Cureus. 2024 Aug 19;16(8):e67187. doi: 10.7759/cureus.67187. eCollection 2024 Aug.
Clinical auditing is one method of improving the quality of patient care. Radiology request forms (RRFs) are crucial for the purpose of facilitating communication between the radiologist or radiographer and the referring clinician.
A two-cycle clinical audit was conducted at the Radiology Department of Atbara Police Hospital in Khartoum, Sudan. A total of 100 forms were collected, with 50 forms from each cycle. As an intervention, the existing blank paper format for radiology requests was replaced with a structured form based on the standards of the Royal College of Radiologists (RCR). This new form was distributed hospital-wide, and doctors were educated on its use through presentations and briefings. The collected forms were then compared against the RCR standards for completeness and accuracy. Data were entered into Microsoft Excel 2016 for analysis.
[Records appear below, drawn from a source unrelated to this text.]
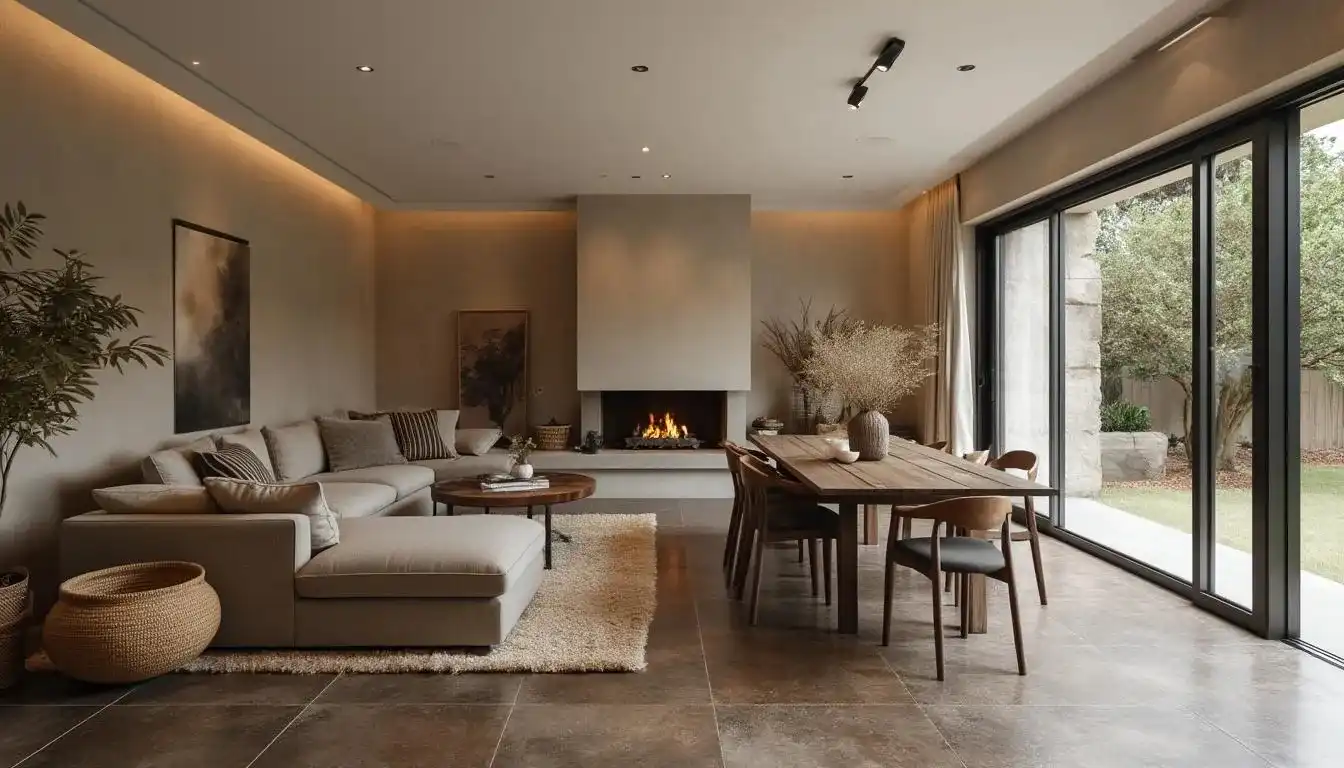 Chalet en venta en Liendo, imagen 2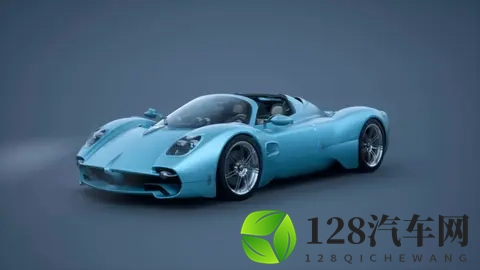 晚高峰新闻：玛莎拉蒂GT定制车型重磅回归摩德纳；本田发布新一代混动平台；曝捷豹夭折XJ原可兼容六缸发动机-1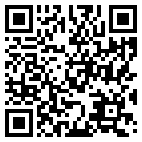 QR Code for Audio Formz in Wills Point, TX 75169
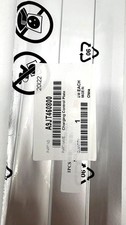 Original Konica Minolta A9JT460800 Ladesteuerplatte AccurioPress 6120 6136 Neu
The interventions led to notable improvements in several areas. Accuracy in recording the patient's address, phone number, and location increased from 0 (0%) in the first cycle to 50 (100%) in the second cycle, marking a 100% improvement. In addition, referencing the patient's age improved from 15 (30%) in the first cycle to 50 (100%) in the second cycle, indicating a 70% increase. The mean score for RRF documentation was 25.33% in the first cycle and significantly increased to 97.77% in the second cycle.
The audit shows significant improvement in RRFs post-intervention, highlighting the importance of standardization. However, deficiencies point to the need for orientation and follow-up training for physicians to ensure accurate form completion. Integrating quality assurance, including periodic audits and real-time feedback, can help sustain these gains. Collaboration between radiologists and referring physicians is also essential for ongoing improvement.
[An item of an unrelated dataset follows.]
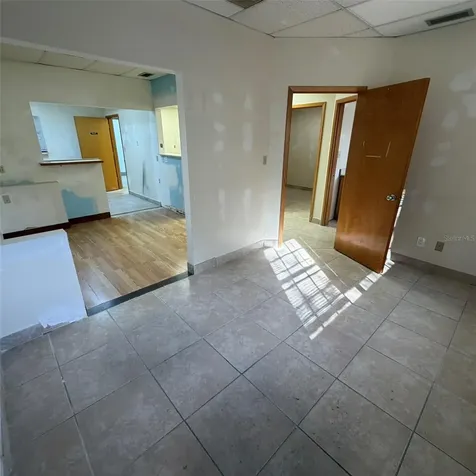 9753 S Orange Blossom Trail Orlando FL 32837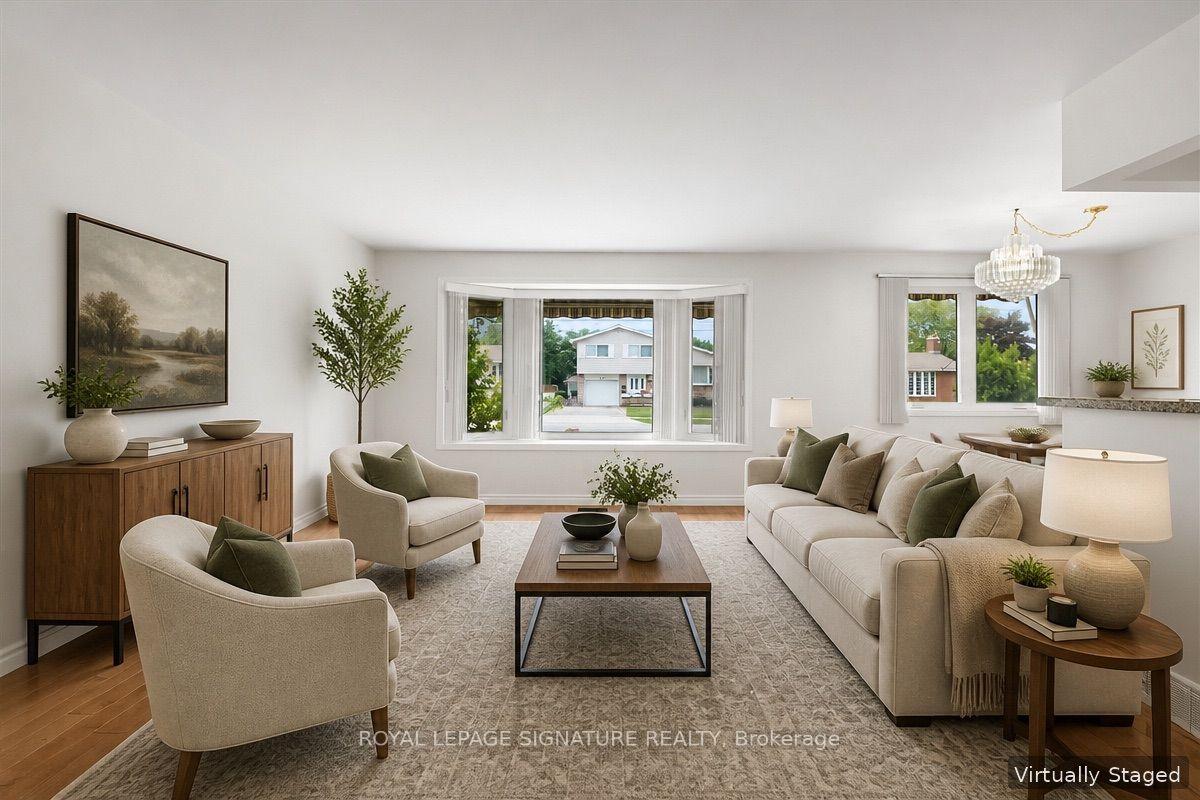 421 Franklin Street N — photo 4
临床审计是提高患者护理质量的一种方法。放射学申请表(RRFs)对于促进放射科医生或放射技师与转诊临床医生之间的沟通至关重要。
在苏丹喀土穆的阿特巴拉警察医院放射科进行了一个两周期的临床审计。共收集了100份表格,每个周期50份。作为一项干预措施,将现有的放射学申请空白纸张格式替换为基于皇家放射科医师学院(RCR)标准的结构化表格。这种新表格在全院范围内分发,并通过演示和简报对医生进行使用培训。然后将收集到的表格与RCR标准进行完整性和准确性方面的比较。数据录入Microsoft Excel 2016进行分析。
这些干预措施在几个方面带来了显著改善。记录患者地址、电话号码和位置的准确性从第一个周期的0(0%)提高到第二个周期的50(100%),提高了100%。此外,注明患者年龄的情况从第一个周期的15(30%)提高到第二个周期的50(100%),增长了70%。RRF文件记录的平均得分在第一个周期为25.33%,在第二个周期显著提高到97.77%。
审计显示干预后RRFs有显著改善,突出了标准化的重要性。然而,不足之处表明需要对医生进行定向培训和后续培训,以确保准确填写表格。整合质量保证,包括定期审计和实时反馈,有助于维持这些成果。放射科医生与转诊医生之间的合作对于持续改进也至关重要。